> **Exercise description**
The material below has pictures in it. Set down only the lines from the line containing "Building Photo - 100 Doral Blue Dr" through the line containing "AlexandraKind online show", word for word, and leave the pictures behind.

> **Provided material**
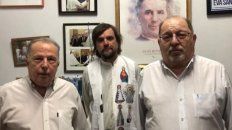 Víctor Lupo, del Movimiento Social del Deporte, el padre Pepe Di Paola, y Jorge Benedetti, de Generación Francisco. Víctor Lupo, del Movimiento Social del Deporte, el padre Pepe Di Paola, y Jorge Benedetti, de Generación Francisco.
==
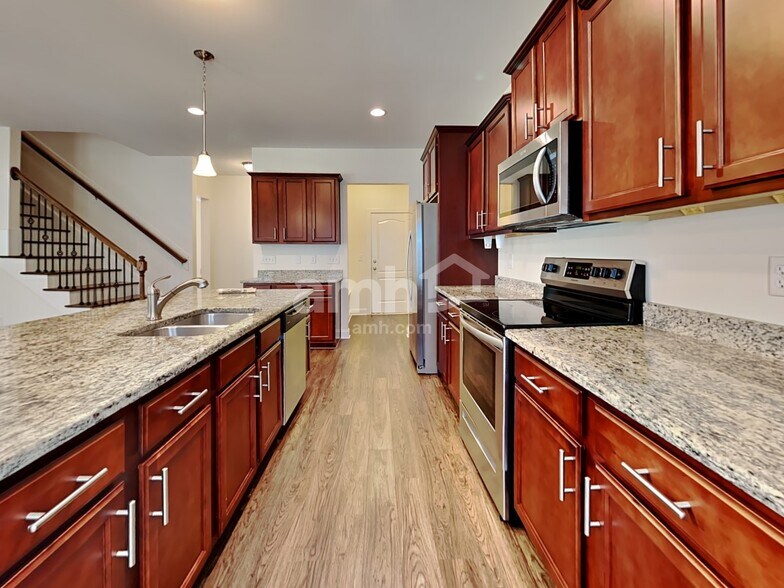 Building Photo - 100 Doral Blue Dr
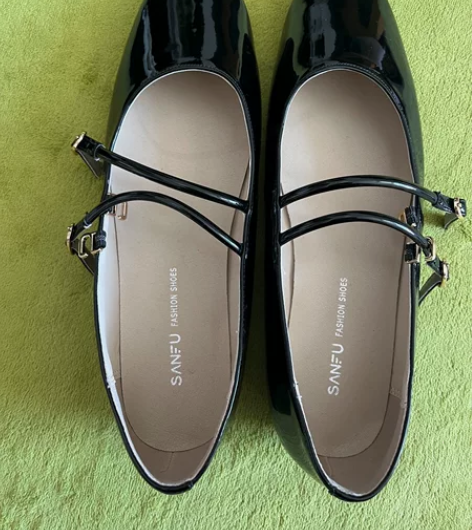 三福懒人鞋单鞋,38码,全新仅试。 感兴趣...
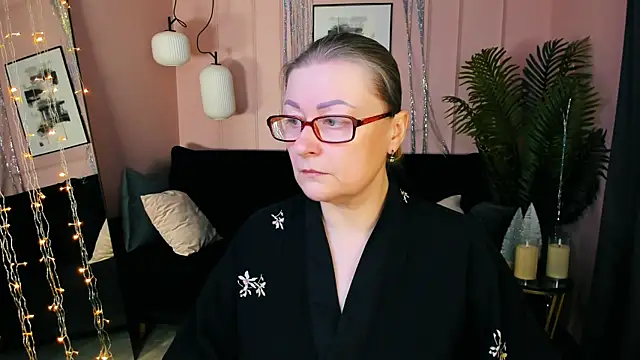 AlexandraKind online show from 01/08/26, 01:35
---
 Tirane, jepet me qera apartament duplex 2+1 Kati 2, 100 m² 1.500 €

> **Task solution**
 Building Photo - 100 Doral Blue Dr
 三福懒人鞋单鞋,38码,全新仅试。 感兴趣...
 AlexandraKind online show from 01/08/26, 01:35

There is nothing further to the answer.